Na quinta-feira, compareceu num tribunal em Londres por causa de outro caso no qual é acusado de assédio e danos criminais contra uma pessoa transgénero.

"O caso Graham Linehan é mais um exemplo da guerra contra a liberdade no Reino Unido", disse Nigel Farage, aliado do presidente dos EUA Donald Trump, cujo Partido Reformista lidera as sondagens eleitorais no Reino Unido. Acrescentou que "a liberdade de expressão está sob ataque e peço aos EUA que estejam vigilantes".

Graham Linehan à chegada ao tribunal de Westminster em Londres a 4 de setembro de 2025

A Polícia Metropolitana de Londres (MPS, pela sigla original) informou que um homem foi detido na segunda-feira, depois de chegar num voo dos EUA, por suspeita de incitar violência em relação a publicações na rede social X (antigo Twitter).

"A detenção foi feita por agentes da unidade de aviação da MPS", disse a polícia.

"É rotina os polícias dos aeroportos transportarem armas de fogo. Não foram sacadas nem usadas em nenhum momento durante a detenção."

"Totalitarismo"

Linehan disse que a detenção estava relacionada com três mensagens publicadas na rede social X.

Numa das publicações, Linehan disse que "se um homem transgénero estiver num espaço exclusivo para mulheres, está a cometer um ato violento e abusivo".

"Faça uma cena, chame a polícia e, se tudo o resto falhar, dê-lhe um murro nas bolas", disse.

Wes Streeting, ministro da Saúde, disse ao programa Today, da BBC, na quarta-feira: "Queremos que a polícia se concentre em policiar as ruas, e não em 'tweets'".

"Se, ao longo dos anos, com boas intenções, o parlamento impôs cada vez mais expectativas sobre a polícia e diluiu o foco e as prioridades do público, isso é obviamente algo que precisamos de analisar", acrescentou.

A prisão voltou a chamar a atenção para as leis de liberdade de expressão do Reino Unido.

J.K. Rowling, criadora de Harry Potter, também conhecida pelas suas opiniões críticas de género, considerou a detenção de Linehan "completamente deplorável" e "totalitarista".

O multimilionário da tecnologia e dono da X, Elon Musk, disse que a Grã-Bretanha era um "Estado policial".

O novo líder do Partido Verde do Reino Unido, Zack Polanski, defendeu a detenção como "proporcional" dado o conteúdo das publicações, mas disse não saber porque é que os polícias estavam armados.

A liberdade de expressão fez recentemente manchetes no Reino Unido depois de centenas de pessoas terem sido detidas por demonstrarem apoio ao grupo de campanha Palestine Action [Ação Palestiniana]. O grupo foi banido como grupo terrorista depois de os seus ativistas terem invadido uma base aérea britânica e atirado tinta aos aviões.
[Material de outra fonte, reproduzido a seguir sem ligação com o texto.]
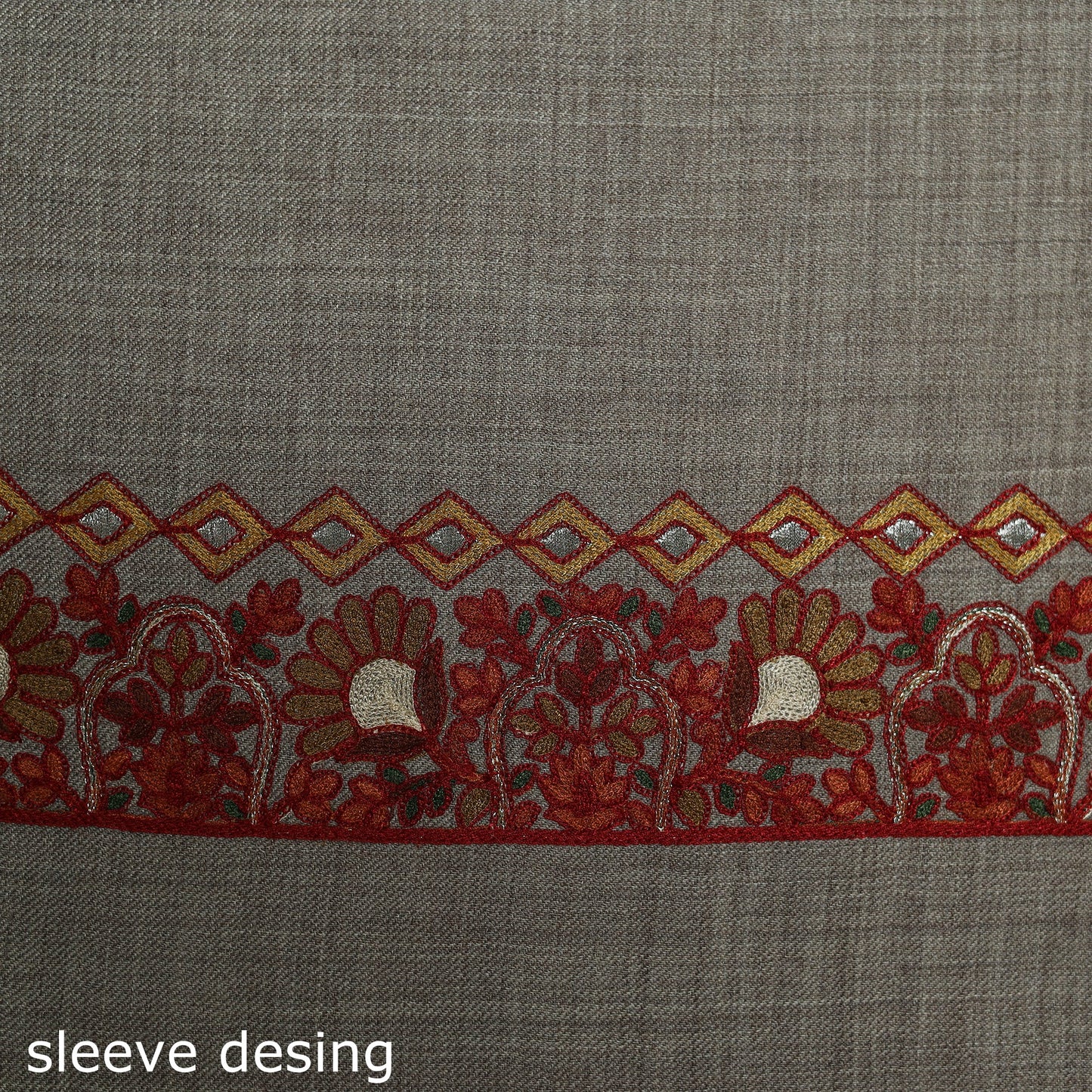 3pc heavy chain stitch embroidered merino wool unstitched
O vice-presidente dos EUA, JD Vance, tem-se manifestado particularmente sobre o assunto, tendo-o abordado com o primeiro-ministro Keir Starmer durante uma reunião na Casa Branca, em Fevereiro.

Em tribunal por acusação de assédio a uma pessoa transgénero

Graham Linehan à frente do tribunal de Westminster em Londres a 4 de setembro de 2025

Na quinta-feira, o premiado argumentista de comédia compareceu no tribunal de Westminster, em Londres, para enfrentar acusações de danos criminais e assédio por publicações "abusivas e vingativas" contra uma pessoa transgénero, Sophia Brooks, de 18 anos.
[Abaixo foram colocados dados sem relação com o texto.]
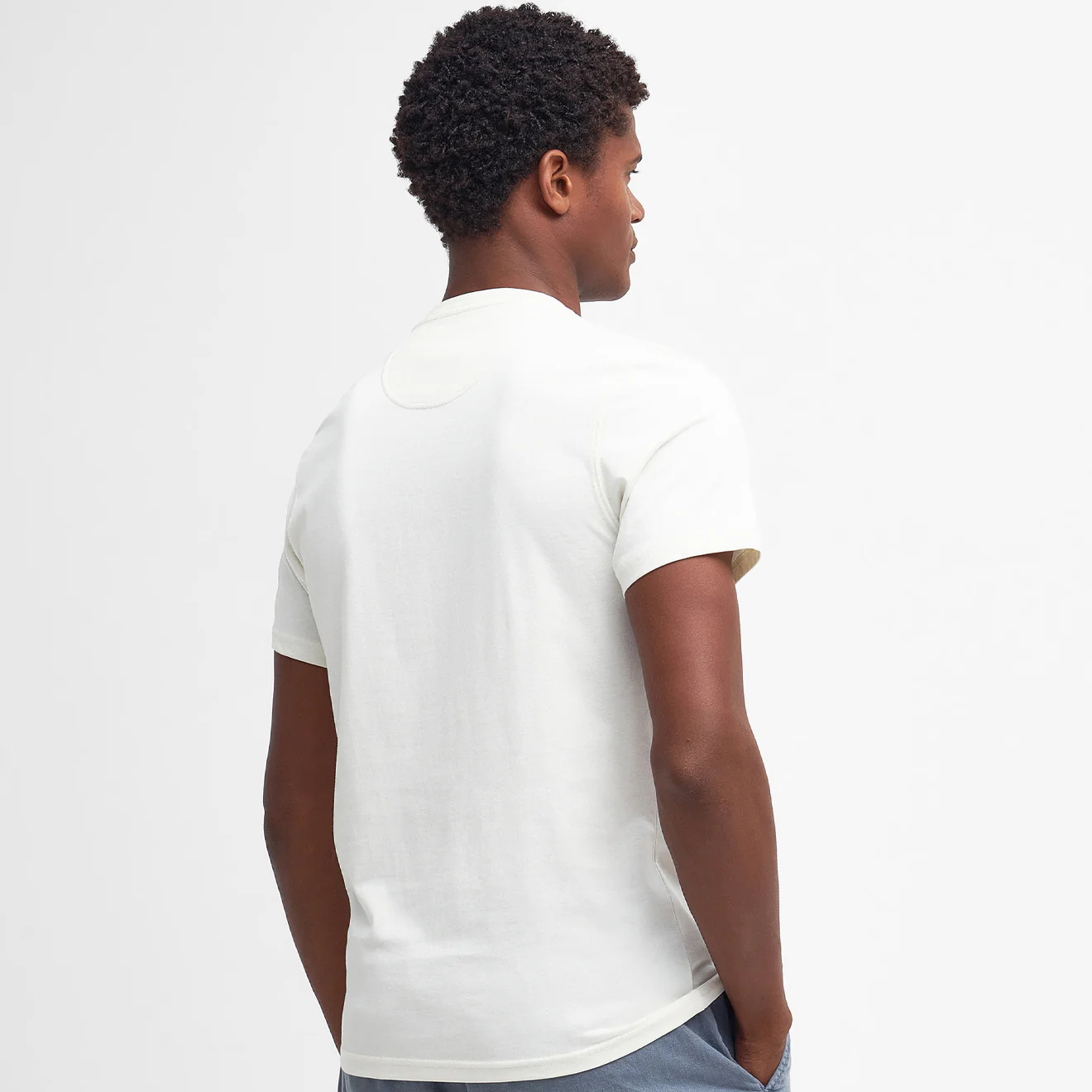 Barbour Logo T-Shirt Ecru - Image 5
A procuradora Julia Faure Walker disse ao tribunal que Linehan publicou 'online' sobre Brooks "implacavelmente" e que o seu comportamento equivalia a assédio.

As publicações foram "calculadas para causar alarmismo ou angústia... eram verbalmente abusivas e vingativas e refletiam... a profunda antipatia do senhor Linehan por Brooks", acrescentou.
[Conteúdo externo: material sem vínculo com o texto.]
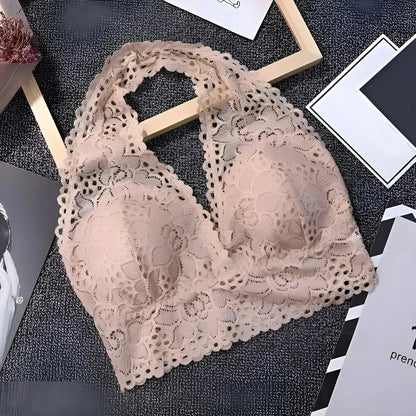  Reggiseno Halter con Collo in Pizzo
Nas publicações, Linehan acusou Brooks de "terrorismo doméstico" e chamou a pessoa ativista de "sociopata profundamente perturbada" e "narcisista maléfica", segundo o tribunal.

Disse ainda que Brooks, que tinha 17 anos na altura das publicações, estava "por trás de inúmeros episódios de assédio a mulheres e homens homossexuais, tanto 'online' como 'offline'".

"Estas publicações não eram apenas irritantes... eram bastante opressivas e inaceitáveis", disse Walker.

Quando se encontraram à margem de uma conferência, a 19 de outubro, Linehan "arrancou deliberadamente o telefone da mão de Brooks" enquanto estava a ser filmado, acrescentou.

Linehan, que permaneceu sentado de braços cruzados durante toda a audiência, nega as acusações. Posou com alguns dos cartazes de pessoas que protestavam à frente do tribunal.